Von Sénergues nach Rocamadour nach Cahors

achtzehn – sechs


Der Tag endete mit der größtmöglichen Überraschung: Im Gîte des Jacobins in Cahors sitze ich mit einem Steirer (65) beim Abendessen. Ein zäher Raucher, ehemaliger Telekompostler, der trotz Kehlkopftotaloperation weiterraucht. Ich zeige ihm, wie er den Bildkatalog seiner neuen Kamera aufrufen kann und blättere einige Bilder zur Demo zurück. Und da taucht unter den Bildern Stephanie vom vergangenen Freitag in Golinhac auf. Er wird sich mit ihr und Suzan in einer halben Stunde treffen. Dann heißt auch er Dieter. Wir sind nur noch am Staunen. Gewiss haben die Wahrscheinlichkeiten andere Eigenschaften, aber es kommt wirklich heftig. Wiederum haben sich andere kleine zeitweilige Wandergemeinschaften gebildet und dabei besondere Leute gesichtet. Wie z. B. den Fußlahmen, der fröhlich mit einer Sandale am rechten extrem geschwollenen Fuß daherkommt, den anderen Wanderschuh außen am Rucksack baumeln lässt, als Symbol der jederzeitigen Einholbarkeit, wenn er nur je wieder passen sollte. Und Dieter aus Graz mit seiner Konstruktion aus Hebergürtel und Fahrradanhänger.
Im Café de la Comedie haben wir uns lange und viel zu erzählen. Wir kommen aus dem Staunen über unsere Beobachtungen nicht heraus, immer neue Seltsamkeiten stellen sich heraus. Keiner hat Lust, diese Dinge mit dem Zufall zu verstehen. Z. B. müssen auch die Zeitfenster zusammenpassen. Was bringts, wenn man zu unterschiedlichen, falschen Zeiten am richtigen Ort ist?

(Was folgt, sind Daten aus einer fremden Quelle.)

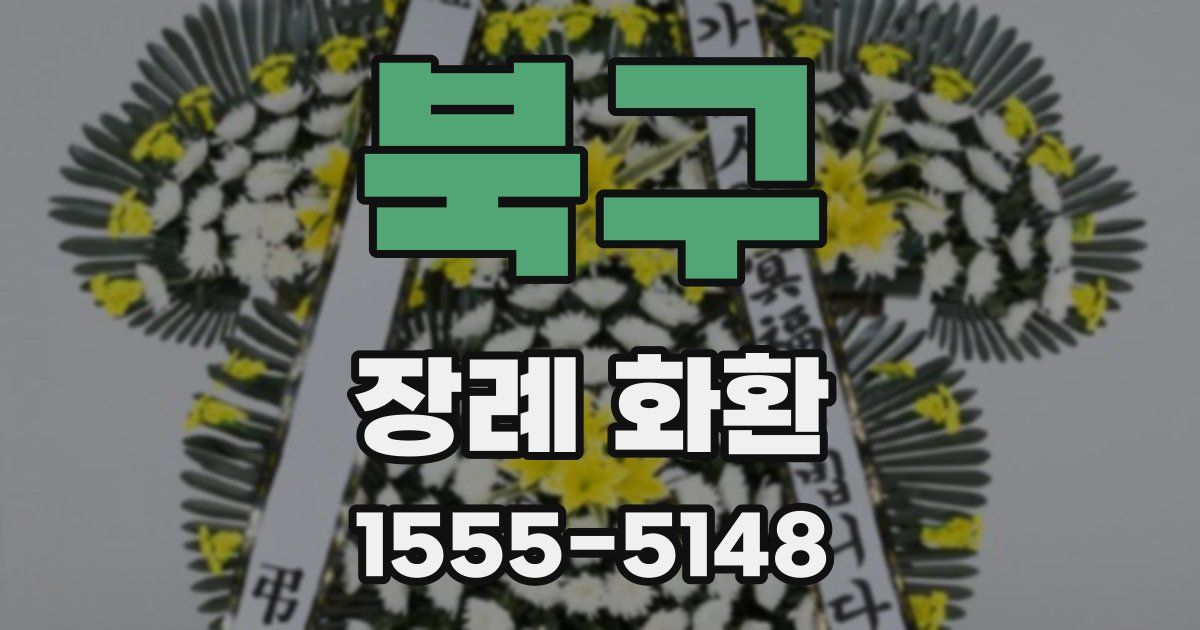 북구 장례 화환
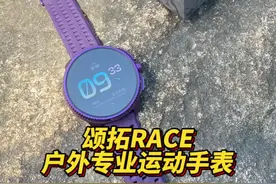 如果你正在寻找一块颜值好看，还能登山、越野跑、跑步、游泳多功能的手表，那么这款颂拓RACE你值得考虑#Suunto颂拓 #SuuntoRace #运动手表视频封面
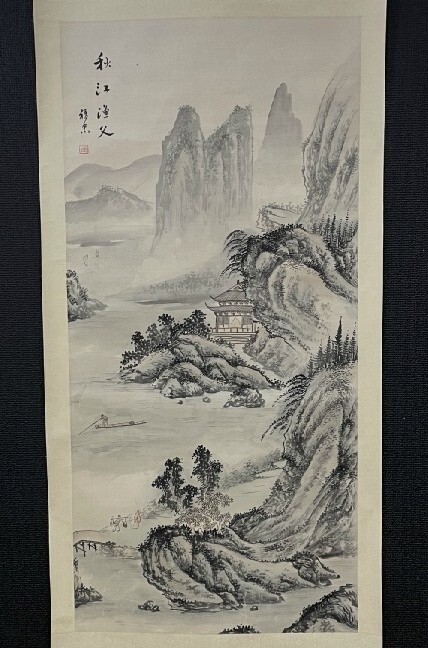 【模写】(中国掛軸)陳積忠 「水墨山水図」 絹本検)南画 文人画 南宋画 南画 書画 掛け軸 中国美術 景色 日本画/風景 水墨拍卖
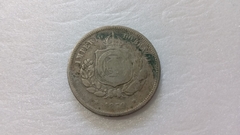 Moeda de 100 Réis de 1879 de Cupro-níquel Império SL 04 - comprar online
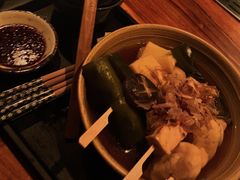 -RMK Shochu Bar(三诺店)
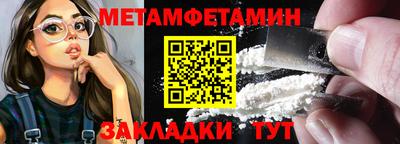 apvp Уссурийск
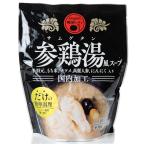 オンガネジャパン 参鶏湯風スープ 400g 韓国 サムゲタン レトルト食品 送料無料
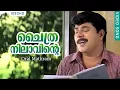 Lagu Chithra Nilavintea | ചൈത്ര നിലാവിന്റെ | Oral Mathram Movie Song | Mammootty | Yesudas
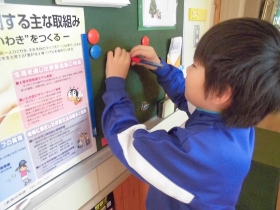 黒板には・・・？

Statt um zwölf wie vorgehabt, bin ich schon um halbelf auf der Straße, weil Bénoit nicht da ist und deshalb der Internetraum nicht zur Verfügung steht.
Ich komme gut voran, mache eine kleine Pause in der Bastide Rudelles (mit einer spaetgotischen Kirchenfestung. Bastiden sind ein militaergeschichtliches Sonderthema im suedfranzoesischen Raum)und bin kurz nach eins wieder voll betankt in Rocamadour. Ich stelle das Moped auf einem öffentlichen Parkplatz ab und steige die endlosen Treppen hinauf. Die warme Motorradbekleidung und die schwüle Luft treiben den Schweiß aus mir heraus. Aber meine Bitte kann ich der geheimnisvollen Gestalt doch vortragen. Schon während der Fahrt habe ich mir überlegt, wie ich einer zweitausend Jahre alten Gottesmutter mein Anliegen klar machen kann. Und warum ich und nicht die Mutter selbst. Wie fange ich an? Sie ist ja nie formell heilig gesprochen worden, sie ist es wohl einfach. Sie wird wissen, was ich meine! Hoffe ich! Auch an Heidi ist zu denken, die frisch operiert im Krankenhaus liegt und ein schweres Päckchen zu tragen hat.
Auf dem Weg nach Cahors erreiche ich Edith.
Der neue gîte, in dem ich wohnen will, ist im Office de tourisme gut bekannt. Ein tiefes décolleté meldet mich bei Mélaine, einer gebuertigen Koreanerin und Pierre André samt Soehnchen Louka an. Halbpension und so.
Und dann erscheint Dieter auf der Plattform: s.o.